The Zionsville Plan Commission voted in favor of the transportation plan at the Tuesday, Jan. 18, plan commission meeting.

The commission motioned to adopt the plan, with the stipulation that it be “further studied and updated,” when ushered to the Zionsville Town Council, said plan commission president Allan Rachles.

The transportation plan includes the recommendation that a Cooper Road interchange be built two miles east of I-65 in order to assist with traffic growth on Ind. 334, Ford Road and Zionsville Road.
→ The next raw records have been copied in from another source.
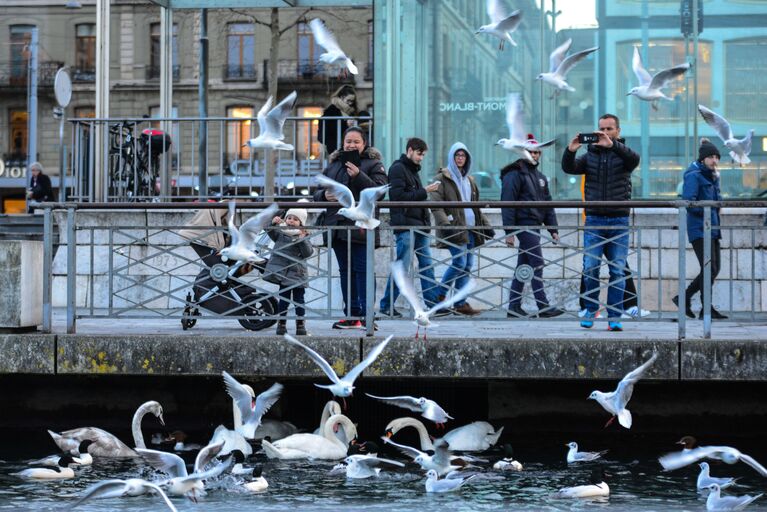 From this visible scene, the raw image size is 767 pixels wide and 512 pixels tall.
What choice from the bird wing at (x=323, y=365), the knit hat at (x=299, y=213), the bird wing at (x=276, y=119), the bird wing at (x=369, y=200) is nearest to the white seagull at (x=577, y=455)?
the bird wing at (x=323, y=365)

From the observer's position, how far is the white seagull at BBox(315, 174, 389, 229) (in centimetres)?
1079

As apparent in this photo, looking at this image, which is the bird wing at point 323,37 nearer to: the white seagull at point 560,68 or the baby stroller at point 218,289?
the white seagull at point 560,68

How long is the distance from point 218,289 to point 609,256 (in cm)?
313

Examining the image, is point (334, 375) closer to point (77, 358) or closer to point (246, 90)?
point (77, 358)

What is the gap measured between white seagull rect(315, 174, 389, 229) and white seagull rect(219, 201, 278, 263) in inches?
18.0

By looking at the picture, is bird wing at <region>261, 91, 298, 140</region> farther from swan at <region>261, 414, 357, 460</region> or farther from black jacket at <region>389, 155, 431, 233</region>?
swan at <region>261, 414, 357, 460</region>

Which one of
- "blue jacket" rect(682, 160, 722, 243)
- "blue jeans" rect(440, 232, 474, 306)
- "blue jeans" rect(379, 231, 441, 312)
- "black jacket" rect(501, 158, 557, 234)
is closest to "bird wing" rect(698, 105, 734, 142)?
"blue jacket" rect(682, 160, 722, 243)

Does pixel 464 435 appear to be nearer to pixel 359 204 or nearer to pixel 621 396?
pixel 621 396

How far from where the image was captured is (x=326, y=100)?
50.4 m

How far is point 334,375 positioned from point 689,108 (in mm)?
7270

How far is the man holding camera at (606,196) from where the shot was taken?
11.5 metres

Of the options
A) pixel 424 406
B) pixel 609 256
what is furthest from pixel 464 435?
pixel 609 256

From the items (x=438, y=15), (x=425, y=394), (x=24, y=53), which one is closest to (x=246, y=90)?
(x=24, y=53)

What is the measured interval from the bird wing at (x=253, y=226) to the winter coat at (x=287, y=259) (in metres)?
0.39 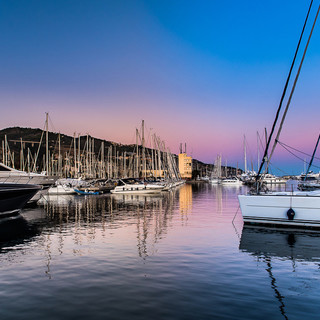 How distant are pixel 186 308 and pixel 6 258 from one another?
7.94 metres

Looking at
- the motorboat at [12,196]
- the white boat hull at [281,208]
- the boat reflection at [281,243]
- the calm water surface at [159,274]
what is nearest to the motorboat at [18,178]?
the motorboat at [12,196]

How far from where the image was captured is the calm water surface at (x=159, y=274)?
26.2ft

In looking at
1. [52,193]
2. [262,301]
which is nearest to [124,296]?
[262,301]

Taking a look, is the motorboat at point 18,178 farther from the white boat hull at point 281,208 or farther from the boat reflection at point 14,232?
the white boat hull at point 281,208

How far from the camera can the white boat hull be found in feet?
62.2

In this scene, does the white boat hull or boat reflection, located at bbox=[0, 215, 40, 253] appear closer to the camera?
boat reflection, located at bbox=[0, 215, 40, 253]

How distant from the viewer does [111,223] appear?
22.9 meters

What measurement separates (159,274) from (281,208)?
11178 mm

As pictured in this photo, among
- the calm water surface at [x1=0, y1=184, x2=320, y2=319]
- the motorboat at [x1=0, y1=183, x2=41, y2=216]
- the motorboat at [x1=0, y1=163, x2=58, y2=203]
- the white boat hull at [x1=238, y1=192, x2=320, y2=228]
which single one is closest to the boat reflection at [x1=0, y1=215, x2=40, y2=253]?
the calm water surface at [x1=0, y1=184, x2=320, y2=319]

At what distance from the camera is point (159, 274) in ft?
35.5

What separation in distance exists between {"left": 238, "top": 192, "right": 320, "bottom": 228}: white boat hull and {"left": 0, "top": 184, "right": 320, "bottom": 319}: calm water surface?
1.02 metres

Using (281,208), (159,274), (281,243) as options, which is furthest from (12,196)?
(281,243)

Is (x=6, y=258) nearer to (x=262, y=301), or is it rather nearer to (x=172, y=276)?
(x=172, y=276)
This plan was first introduced in a transportation plan more than 20 years ago and has since seen considerable debate.

Plan commissioners Peter Hawryluk and Wayne Haynes opposed the transportation plan.
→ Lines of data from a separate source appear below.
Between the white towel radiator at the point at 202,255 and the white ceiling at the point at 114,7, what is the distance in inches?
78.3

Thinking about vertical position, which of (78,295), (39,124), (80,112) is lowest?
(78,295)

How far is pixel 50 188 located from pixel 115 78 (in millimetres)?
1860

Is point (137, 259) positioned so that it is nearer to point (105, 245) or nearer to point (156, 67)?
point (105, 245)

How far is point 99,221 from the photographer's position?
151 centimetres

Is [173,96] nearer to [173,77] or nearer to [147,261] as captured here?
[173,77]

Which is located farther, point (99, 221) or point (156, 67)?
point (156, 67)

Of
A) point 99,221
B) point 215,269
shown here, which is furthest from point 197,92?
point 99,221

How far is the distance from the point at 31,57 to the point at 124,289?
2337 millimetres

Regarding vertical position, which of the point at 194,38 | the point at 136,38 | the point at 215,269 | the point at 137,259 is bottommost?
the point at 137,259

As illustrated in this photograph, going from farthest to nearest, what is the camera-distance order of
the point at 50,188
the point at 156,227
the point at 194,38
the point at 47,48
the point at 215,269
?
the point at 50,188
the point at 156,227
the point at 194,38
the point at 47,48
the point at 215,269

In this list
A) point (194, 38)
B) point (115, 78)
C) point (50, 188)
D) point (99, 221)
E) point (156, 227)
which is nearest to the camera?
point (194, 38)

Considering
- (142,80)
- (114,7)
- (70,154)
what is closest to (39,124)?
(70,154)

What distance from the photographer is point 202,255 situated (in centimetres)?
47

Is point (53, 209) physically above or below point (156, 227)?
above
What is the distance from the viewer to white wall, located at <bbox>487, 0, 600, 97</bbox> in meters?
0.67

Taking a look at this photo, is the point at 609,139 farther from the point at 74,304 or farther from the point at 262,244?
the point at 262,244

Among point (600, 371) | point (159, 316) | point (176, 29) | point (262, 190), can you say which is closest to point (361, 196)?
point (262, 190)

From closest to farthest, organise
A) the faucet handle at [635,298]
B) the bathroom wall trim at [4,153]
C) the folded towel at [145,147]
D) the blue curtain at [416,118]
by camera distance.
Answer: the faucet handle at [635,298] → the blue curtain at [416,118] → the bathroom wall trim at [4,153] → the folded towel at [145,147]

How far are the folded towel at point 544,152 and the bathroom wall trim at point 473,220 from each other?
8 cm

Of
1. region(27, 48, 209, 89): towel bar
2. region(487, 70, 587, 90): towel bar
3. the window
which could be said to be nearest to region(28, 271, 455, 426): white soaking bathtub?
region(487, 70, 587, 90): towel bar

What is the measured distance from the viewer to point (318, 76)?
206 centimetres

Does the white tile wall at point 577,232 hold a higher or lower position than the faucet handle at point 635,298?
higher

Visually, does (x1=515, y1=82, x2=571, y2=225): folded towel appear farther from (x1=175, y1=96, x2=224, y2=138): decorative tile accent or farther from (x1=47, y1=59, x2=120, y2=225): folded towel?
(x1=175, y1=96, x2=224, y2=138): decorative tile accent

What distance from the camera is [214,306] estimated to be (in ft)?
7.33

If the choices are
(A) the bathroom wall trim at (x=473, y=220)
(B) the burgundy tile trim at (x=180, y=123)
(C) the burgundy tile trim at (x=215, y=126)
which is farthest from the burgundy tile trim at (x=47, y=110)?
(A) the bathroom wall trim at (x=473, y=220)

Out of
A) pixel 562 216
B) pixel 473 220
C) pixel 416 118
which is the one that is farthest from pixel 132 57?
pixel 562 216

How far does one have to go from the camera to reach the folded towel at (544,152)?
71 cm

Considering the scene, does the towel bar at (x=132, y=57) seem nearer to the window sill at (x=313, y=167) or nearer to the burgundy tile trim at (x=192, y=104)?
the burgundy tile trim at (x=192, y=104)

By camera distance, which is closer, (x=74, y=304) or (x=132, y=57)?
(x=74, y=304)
“The economy isn’t where it needs to be yet,” Hawryluk said, followed by a loud applause. 

Hawryluk said that there are five interchanges which are not being recognized as sufficient interchanges. He noted that there is an interchange on Michigan Road, 86th Street, Ind. 334, Lafayette Road and County Road 300 South.

“There are good parts to the plan, but I object to the interchange itself,” Hawryluk said. “There was a study done in 2007, which was pretty clear. It stated that we should improve the roads we already have. I don’t see the point of a new study.”
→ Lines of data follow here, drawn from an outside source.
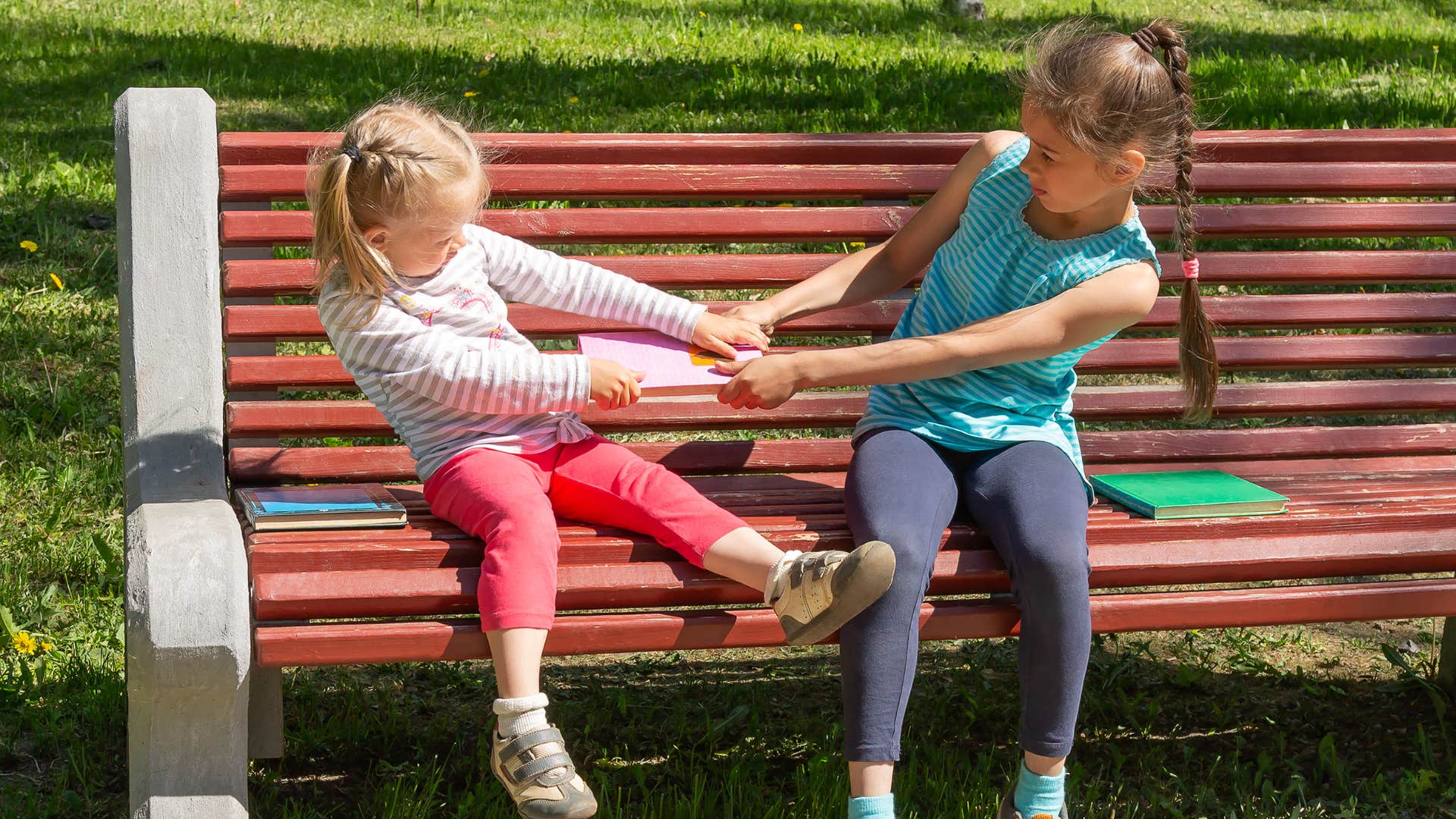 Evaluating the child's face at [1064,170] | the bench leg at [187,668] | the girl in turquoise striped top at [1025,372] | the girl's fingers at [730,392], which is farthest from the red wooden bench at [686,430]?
the child's face at [1064,170]

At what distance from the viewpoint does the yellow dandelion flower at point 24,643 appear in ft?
10.7

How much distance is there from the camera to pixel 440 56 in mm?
7398

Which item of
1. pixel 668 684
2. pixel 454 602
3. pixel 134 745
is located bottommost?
pixel 668 684

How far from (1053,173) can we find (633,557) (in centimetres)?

According to plan commissioner Kevin Schiferl, it would be an “abomination” if the transportation plan were to not pass, simply over the disagreements concerning Cooper Road.

“There are other parts of this plan,” Schiferl said. “The rest (of the plan) is sound.”

Schiferl said that many housing additions were constructed under the assumption that a future Cooper Road interchange would be built to help with traffic and access. Thornhill, Clifton Pond, Spring Knoll and Rock Bridge were several of the named subdivisions that were promised an additional interchange.

“They’re here so we have to defend them,” Schiferl said.

Town Engineer Mark DeBruler of Beam, Longest and Neff L.L.C. said that travel trips will double in Zionsville within the next 25 years.

“We have to build upon what we have,” DeBruler said.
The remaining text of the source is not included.